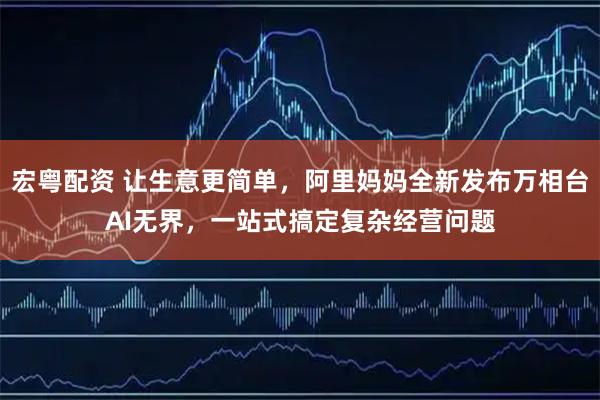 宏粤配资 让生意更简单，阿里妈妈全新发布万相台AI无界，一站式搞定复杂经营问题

* * *

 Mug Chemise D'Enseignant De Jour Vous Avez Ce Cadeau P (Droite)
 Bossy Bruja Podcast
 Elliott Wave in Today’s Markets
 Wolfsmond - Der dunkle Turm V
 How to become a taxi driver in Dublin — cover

### Task item
Return exactly the lines above from the line that has "Elliott Wave in Today’s Markets" through the line that has "How to become", inclusive, and nothing else.

### Response to this exercise
 Elliott Wave in Today’s Markets
 Wolfsmond - Der dunkle Turm V
 How to become a taxi driver in Dublin — cover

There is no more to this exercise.